La legge approvata dal Parlamento nega le garanzie giuridiche agli immigrati e trasforma il diritto all’asilo in uno slalom burocratico. Ma in questo modo rendiamo solo più fragile lo Stato. E ne pagheremo tutti il prezzo

In Ungheria alzano muri di mattoni; 
in Italia costruiamo muri con le norme. Cambiano gli strumenti, non gli effetti, non i bersagli di questa fobia securitaria. A farne le spese sono sempre loro, il popolo degli immigrati. Ma ne riceviamo un danno anche noialtri, italiani a 24 carati. Perché i diritti sono di tutti 
o di nessuno. E perché, negando agli immigrati le loro garanzie giuridiche, violando l’autorità della Costituzione, rendiamo più fragile il nostro Stato 
di diritto. Con la paradossale conseguenza di diventare più deboli 
e insicuri, non più forti, non più sicuri.

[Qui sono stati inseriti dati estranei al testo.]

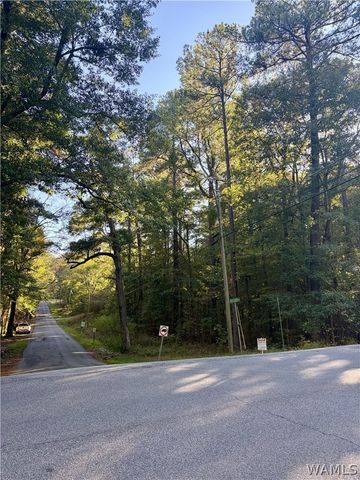 Lot 31 Rock Creek, Lake View, AL 35111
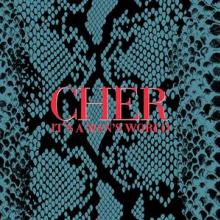 CHER  - 2xCD IT'S A MAN'S WORLD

L’ultima pietra deposta su questo muro normativo consiste nel decreto Minniti, approvato in Parlamento – con il ricatto del voto di fiducia – lo scorso 12 aprile. Ma il muro c’era già, con la sua base 
di cemento armato: la legge Bossi-Fini, timbrata nel 2002 dal secondo governo Berlusconi. Quella legge cancellò il sistema dello sponsor per la chiamata diretta degli extracomunitari, previsto dalla legge preesistente (la Turco-Napolitano). Comminò l’arresto per chi offrisse lavoro a un immigrato irregolare. Pose limiti drastici ai ricongiungimenti familiari. Ridusse la durata del permesso di soggiorno (da 5 a 2 anni). Infine rafforzò i poteri della Marina militare.

La Bossi-Fini è figlia d’una stagione politica ormai sommersa dalla polvere del tempo. Eppure resta lì, immarcescibile, inossidabile. Da qualche settimana un arco d’associazioni e di personalità istituzionali sta raccogliendo firme per abrogarla con legge popolare; auguri, ma le speranze di successo sono quasi zero. Si tratterebbe infatti di picconare un muro che viceversa cresce a dismisura. Con il reato di clandestinità, benché nel 2014 sia stato trasformato in illecito amministrativo. Con le vessazioni burocratiche: a un cittadino bastano 30 giorni per rinnovare il passaporto, a uno straniero ne servono 291 per rinnovare il permesso di soggiorno.

Con i diritti negati, dalla cittadinanza alla legge sul diritto d’asilo, promessa (invano) dall’articolo 10 della Costituzione. Nel frattempo gli italiani residenti all’estero votano ma non pagano le tasse; gli immigrati regolari sono 6 milioni, con le loro tasse pagano le nostre pensioni (640 mila l’anno scorso), però sono condannati all’astensione dal voto.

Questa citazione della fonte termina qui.